Paul Hoffman, a partner in the Venice, California law firm of Schonbrun, DeSimone, Seplow, Harris, Hoffman & Harrison, has been representing plaintiffs in cases under the Alien Tort Statute for the last 30 years.

A member of the Amnesty International Executive Committee and Human Rights Watch, Hoffman argued Kiobel to the Supreme Court. He shared his views on the ruling in an exclusive interview with the WSWS.

WSWS: What was your reaction to the Supreme Court’s ruling?

Hoffman: I was of course disappointed that our clients’ claims against Shell Oil were dismissed. I was really surprised by the reasoning, which was geared to reaching a specific conclusion rather than objectively analyzing the law. The Supreme Court used the presumption against extraterritoriality, which the justices themselves conceded doesn’t really apply here because the Alien Tort Statute was enacted specifically to reach wrongful conduct outside the United States, such as piracy on the high seas or based in foreign countries.

Paul Hoffman speaking to the media outside the Supreme Court after the October 1, 2012 Kiobel oral argument

WSWS: Why should US courts be open to non-citizens who want to sue foreign corporations for human rights violations committed in other countries?

Hoffman: That is, of course, the key question. When you look at our case, all of our plaintiffs were driven out of Nigeria because of human rights violations allegedly at the hands of Shell Oil and the Nigerian dictatorship. They received political asylum in the US and noticed there were Shell gas stations everywhere; Shell is making a lot of money in the United States.

The traditional rule is that if someone has a claim against a defendant and can find that defendant somewhere, there is jurisdiction over the defendant for a lawsuit. This legal rule, known as the “transitory tort doctrine,” means simply that liability for wrongful conduct follows the defendant. Chief Justice Roberts’ majority opinion distorts this well-established doctrine to support the result the majority wanted in this case, which is to close US courts to what are called “foreign cubed” cases, where the plaintiffs and defendants are non-citizens, and the key events happened outside the United States.

The human rights community has long advocated that the courts of all countries and international tribunals should be open to redress serious human rights violations like extra-judicial killings, torture, and genocide. There should be universal jurisdiction so that victims can go after the perpetrators wherever they can be found. While the human rights community has pushed for as many forums as possible, among the few which have been available for human rights claims are the US district courts, which were able to exercise jurisdiction under the ATS until this recent decision.

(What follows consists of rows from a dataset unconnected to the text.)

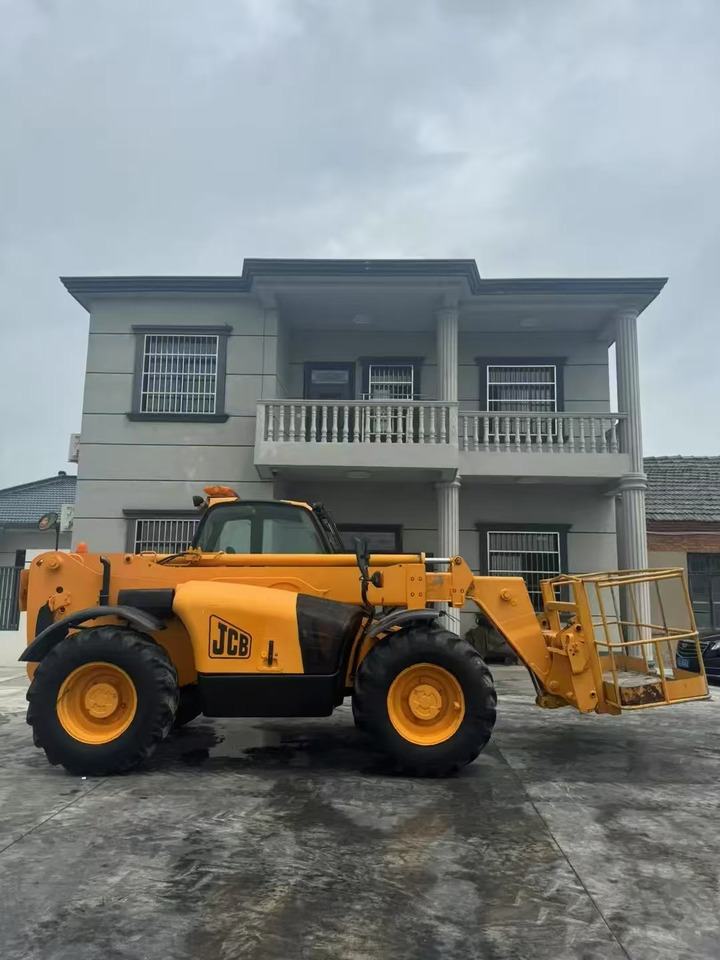 JCB 535-95 Secondhand Telehandler 3 section Telescopic Boom - 텔레스코픽 핸들러 : 사진 4 JCB 535-95 Secondhand Telehandler 3 section Telescopic Boom - 텔레스코픽 핸들러 : 사진 4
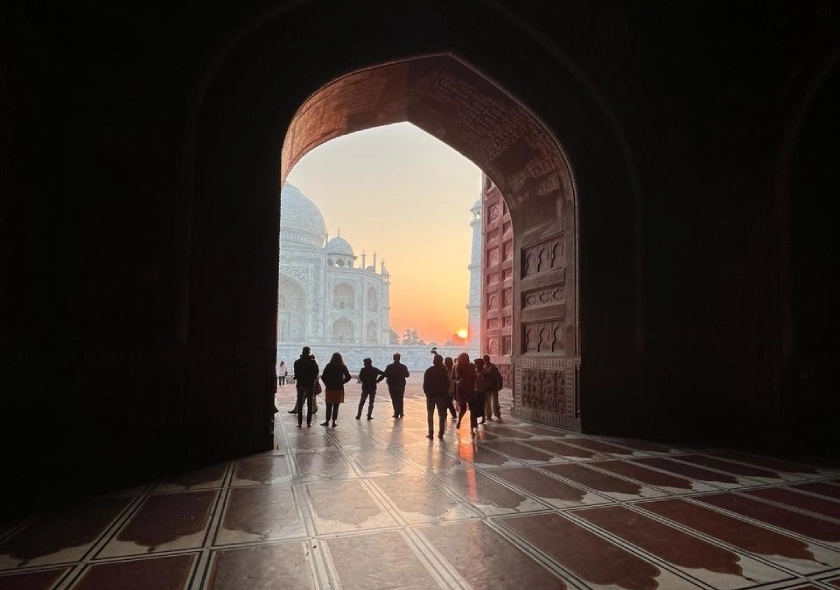Sunrise Taj Mahal Tour from Delhi - Private Tour Guide India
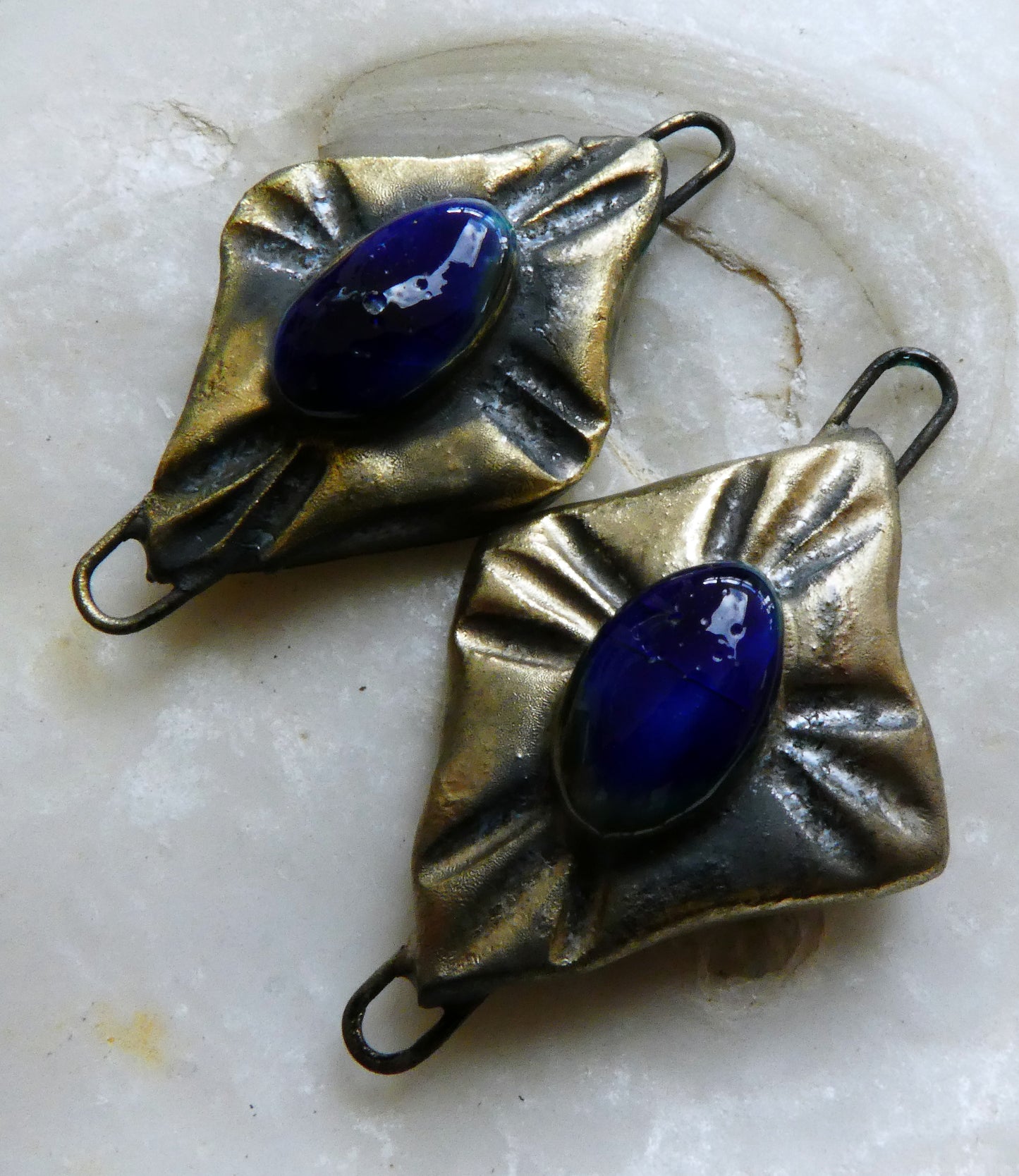Ceramic Bronzy Diamond Connectors -Mirror Blue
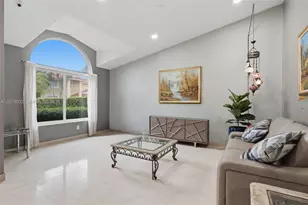 10887 SW 152nd Pl, Miami, FL 33196 - Photo 7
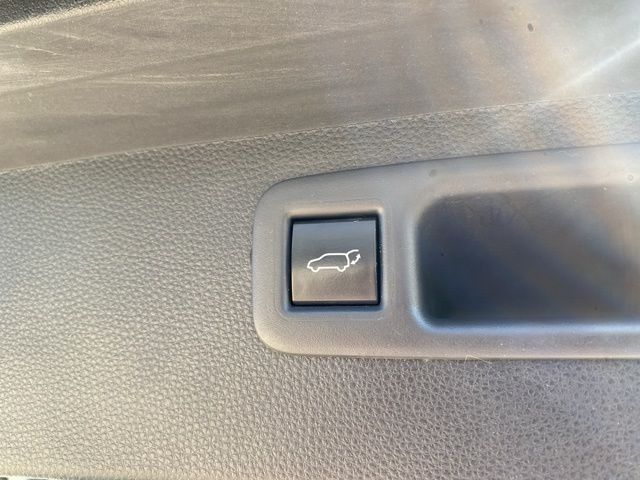 2022 Toyota Highlander Hybrid LE photo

WSWS: Is there an international court where the plaintiffs could have filed suit?

Hoffman: The international tribunals have focused on the criminal prosecution of individuals, but there’s no international civil court for asserting claims against corporations. Civilly, a person has to sue in a national court someplace. The only choices here were the Netherlands, Nigeria, or the United States.

I’d be the first one to say if someone could get justice where he or she comes from against a company like Shell, that would be better. Our clients are in the United States, however, because they were granted political asylum because of human rights violations in Nigeria. They obviously could not return to their native country and sue Shell. That leaves The Netherlands. Why should our clients have to cross the Atlantic Ocean to a country where they don’t speak the language to sue when Shell is here in the United States?

WSWS: What are the consequences of this decision on other cases?

Hoffman: Fortunately, the decision is, at present, limited to “foreign cubed” cases. The Supreme Court has left open whether human-rights cases can be brought in US courts against US corporations who commit human-rights abuses abroad, for example, or other situations where the US connection is much closer than it was in this case.

I’ve got a case pending in the District of Columbia Circuit Court of Appeals called Doe v. Exxon, where human rights violations were backed by a US corporation in Indonesia. There are a number of other cases like that around the country. We are being asked to file briefs. We’ll soon learn what impact the Kiobel decision will have.

There are very strong arguments that where the defendant is a US corporation or a US individual the reasoning in Kiobel should not apply. Roberts’ and Kennedy’s opinions don’t say how far the majority of the Court will go, so it’s going to have to be litigated for the next few years until the Supreme Court takes another case.

I’m especially concerned that ATS claims can still be pursued against foreign individuals who commit acts of torture or genocide abroad and then are given residency in the US. There have been several successful cases of that sort over the years, including one against the former dictator of the Philippines, Ferdinand Marcos, who fled to Hawaii in 1986 and was successfully sued by his victims and their survivors.